What to work on ▸
Your task is to repeat exactly the lines below between the line holding "NBA Oklahoma City" and the line holding "BOTAS MUJER SABADELL NEGRO GAMUZA - 6", inclusive, and only those.

(Brief descriptive captions)
—————
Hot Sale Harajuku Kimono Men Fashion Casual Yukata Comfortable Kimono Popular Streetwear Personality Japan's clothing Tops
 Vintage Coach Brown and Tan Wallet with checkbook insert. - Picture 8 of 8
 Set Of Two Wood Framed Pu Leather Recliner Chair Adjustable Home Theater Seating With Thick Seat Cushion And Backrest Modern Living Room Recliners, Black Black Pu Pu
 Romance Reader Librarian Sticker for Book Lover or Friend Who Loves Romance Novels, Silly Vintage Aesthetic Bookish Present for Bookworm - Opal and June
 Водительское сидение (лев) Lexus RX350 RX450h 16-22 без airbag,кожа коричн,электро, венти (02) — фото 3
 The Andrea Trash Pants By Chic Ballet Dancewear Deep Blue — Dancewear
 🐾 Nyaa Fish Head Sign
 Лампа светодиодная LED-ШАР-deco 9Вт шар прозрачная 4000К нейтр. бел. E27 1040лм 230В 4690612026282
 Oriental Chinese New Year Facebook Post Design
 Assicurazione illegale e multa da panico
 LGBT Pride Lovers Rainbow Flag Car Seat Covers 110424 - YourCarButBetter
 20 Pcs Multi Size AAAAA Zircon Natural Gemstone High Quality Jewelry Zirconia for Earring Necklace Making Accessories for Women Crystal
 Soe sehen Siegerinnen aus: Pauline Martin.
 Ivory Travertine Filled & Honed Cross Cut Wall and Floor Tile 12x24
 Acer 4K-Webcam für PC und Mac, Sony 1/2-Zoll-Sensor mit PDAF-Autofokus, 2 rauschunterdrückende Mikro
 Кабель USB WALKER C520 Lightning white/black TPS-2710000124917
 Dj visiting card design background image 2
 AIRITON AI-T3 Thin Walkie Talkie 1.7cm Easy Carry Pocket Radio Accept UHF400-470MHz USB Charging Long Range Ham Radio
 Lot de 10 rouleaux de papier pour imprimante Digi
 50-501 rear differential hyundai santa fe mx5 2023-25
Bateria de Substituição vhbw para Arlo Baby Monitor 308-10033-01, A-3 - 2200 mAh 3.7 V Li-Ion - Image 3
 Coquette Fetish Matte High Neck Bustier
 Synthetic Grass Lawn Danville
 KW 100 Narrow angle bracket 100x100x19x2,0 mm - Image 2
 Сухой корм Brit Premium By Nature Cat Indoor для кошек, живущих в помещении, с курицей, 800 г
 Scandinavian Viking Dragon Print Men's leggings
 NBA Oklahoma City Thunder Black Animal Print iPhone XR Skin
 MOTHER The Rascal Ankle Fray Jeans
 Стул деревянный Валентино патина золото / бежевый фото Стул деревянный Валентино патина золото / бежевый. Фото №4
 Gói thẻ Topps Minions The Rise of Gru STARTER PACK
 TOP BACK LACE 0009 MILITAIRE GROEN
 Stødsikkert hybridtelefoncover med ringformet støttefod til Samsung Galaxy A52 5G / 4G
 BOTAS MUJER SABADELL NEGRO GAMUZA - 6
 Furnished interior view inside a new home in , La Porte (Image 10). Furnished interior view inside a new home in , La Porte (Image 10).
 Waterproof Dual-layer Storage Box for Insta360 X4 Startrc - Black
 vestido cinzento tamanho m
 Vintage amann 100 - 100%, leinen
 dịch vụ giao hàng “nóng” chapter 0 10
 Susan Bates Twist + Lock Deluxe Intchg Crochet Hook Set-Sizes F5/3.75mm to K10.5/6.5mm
—————
Solution to this exercise ▸
 NBA Oklahoma City Thunder Black Animal Print iPhone XR Skin
 MOTHER The Rascal Ankle Fray Jeans
 Стул деревянный Валентино патина золото / бежевый фото Стул деревянный Валентино патина золото / бежевый. Фото №4
 Gói thẻ Topps Minions The Rise of Gru STARTER PACK
 TOP BACK LACE 0009 MILITAIRE GROEN
 Stødsikkert hybridtelefoncover med ringformet støttefod til Samsung Galaxy A52 5G / 4G
 BOTAS MUJER SABADELL NEGRO GAMUZA - 6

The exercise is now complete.